Player A: .222/.278/.276
Player B: .277/.316/.361
Whew. That’s rough, right? Well, I guess that tells us … oh, wait. Player B is actually Peraza’s career numbers. Player A? That’s Davey Concepcion through his age-24 season (Peraza just turned 24).
How about these two:
Player C: .275/.308/.404
Player D: .234/.286/.287
That would be Barry Larkin and Ozzie Smith through their age-24 seasons.
Is Jose Peraza destined to be a great shortstop? I don’t know. Probably not. Great shortstops are rare. Yet there have been plenty of phenomenal shortstops who took a while to figure it out. Shortstop is hard to play, and the players who can play it often come up with the kind of slight body that isn’t conducive to hitting 30 homers a year. So the offense can take a hit.

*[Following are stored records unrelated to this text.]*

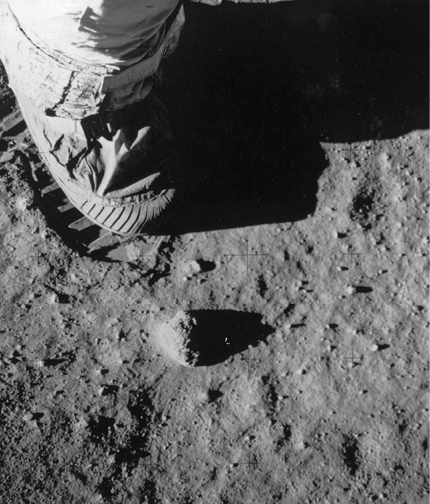 Fotografia. Pé de um astronauta na superfície da Lua, deixando uma pegada.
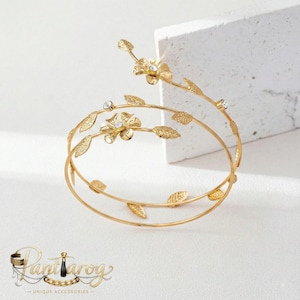 May include: Gold-toned arm cuff with a floral and leaf design. The cuff features two flowers with crystal accents and several leaves. The cuff wraps around the arm with a spiral design. The jewelry is on a white background.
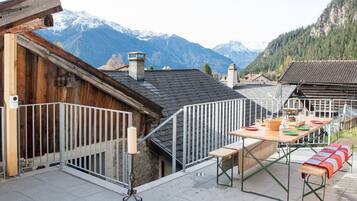Une terrasse avec une table dressée pour le dîner, offrant une vue sur un paysage montagneux.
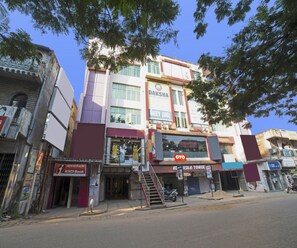 A multi-story building with signage for Daksha Neet UG and Oyo Books. - Classic Nettoor (Adityapur)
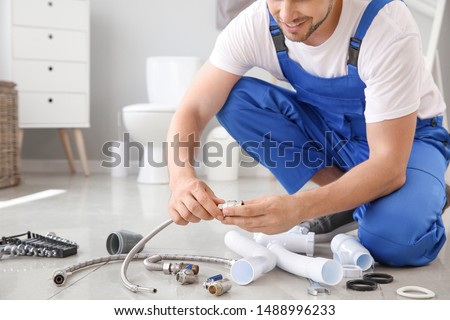 Plumber with tools working in restroom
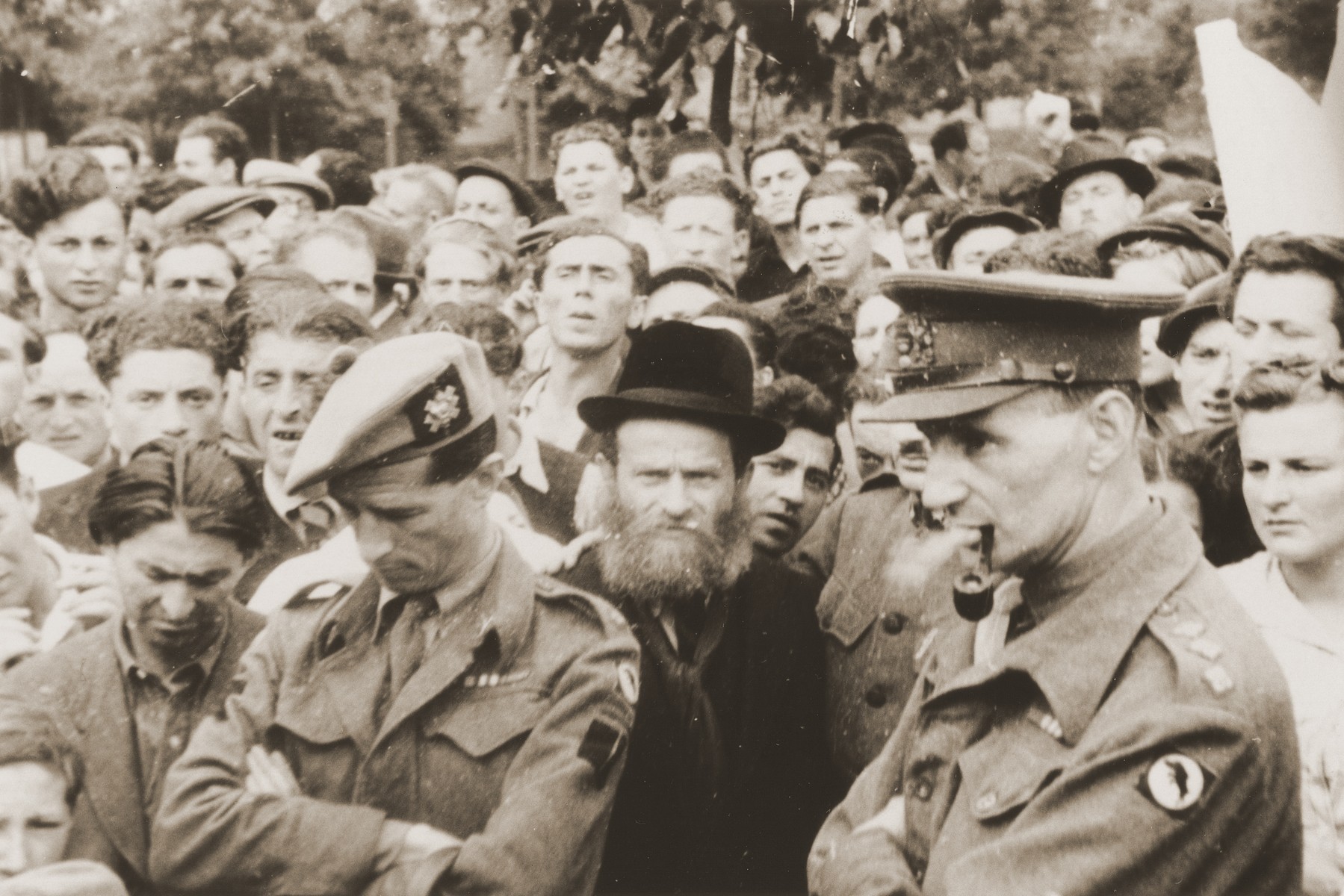 A crowd of Jewish DPs stand behind British soldiers at a ceremony or demonstration in the Bergen-Belsen displaced persons camp.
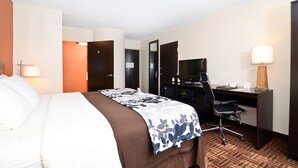 A hotel room with a bed, desk, chair, and a TV. - Sleep Inn O'Fallon near I-64 (O'Fallon)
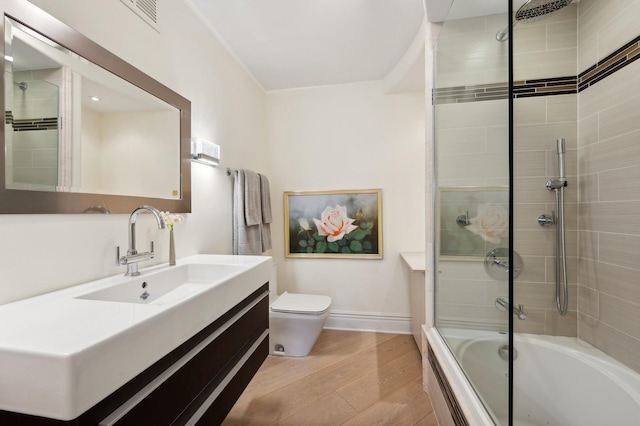 bathroom with baseboards, toilet, wood finished floors, enclosed tub / shower combo, and vanity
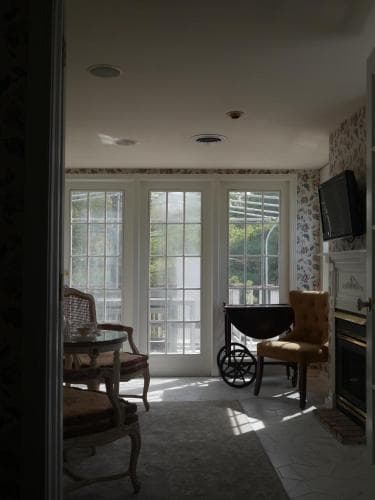 A cozy indoor lounge area features a wheelchair, vintage chairs, and a large window with French doors leading to a bright balcony, ideal for travelers seeking accessible accommodations in a serene setting.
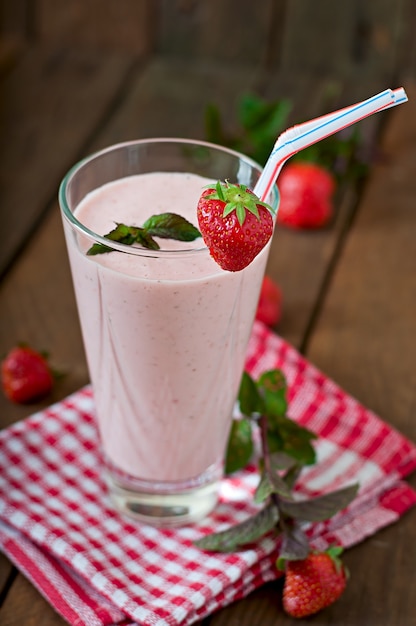 Aardbeimilkshake smoothie met verse aardbei op een houten lijst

I could, of course, also give you examples of shortstops who came up, didn’t really hit and then … never hit. It happens, for sure. A lot.
But guess what? At this moment, Peraza is hitting .275/.322/.381. Is that great? No. He was an 89 wRC+, which means he’s about 11 percent worse than the average hitter. But his OBP is above average, and historically that 89 wRC+ is actually better than shortstops usually are relative to the league. And while he’s not Cozart with the glove, I’m also confident in calling him well above average at short. According to FanGraphs, he’s been slightly above average so far (1.2 WAR), and according to Baseball-Reference he’s been a bit more above average (1.4 WAR). 2 WAR is generally regarded as average for a full season, and we are, obviously, right in the middle.
But it gets even better. Recently, I was talking to Louisville Bats player Hernan Iribarren as part of a different story. He knows Peraza well, and they keep in touch. We had a side conversation where he told me Peraza made an adjustment after the first three games of the season (when he went 0-12 and looked lost) and then started hitting. Since that moment, he’s actually hitting .285/.333/.395. That’s only four percent below league average and more than acceptable from an everyday shortstop with a quality glove. It’s also better than current Reds regulars Adam Duvall, Billy Hamilton, and Tucker Barnhart.
And he’s still so young. Jose Peraza—who feels like he’s been around forever—is only 14 months older than Nick Senzel. He’s nine months younger than Jesse Winker. He is three and a half years younger than Billy Hamilton, with whom he is often lumped.
He is a strange kind of player, though. He doesn’t walk much. Only 21 qualified player walk less frequently than him. But then, only four qualified players have struck out less than he has. We live in an age of strikeouts. Peraza strikes out less than half as often as the average major league player. His 10.5 percent strikeout rate would be equivalent to a 5-6 percent strikeout rate back in the contact-hitting ’80s. He’s a throwback.
My thesis, if you haven’t figured it out, is this: The Reds don’t need a shortstop. They have one. He’s young and good. If he’d come up at 24 and played like this, everyone would be thrilled. But because he struggled at the major league level first, many fans are ready to throw in the towel. They shouldn’t. Young players take time to develop.
Jose Peraza is still four years away from his peak, and this year he’s been an above average player. You don’t get rid of that guy. You send him out there every day and enjoy watching him.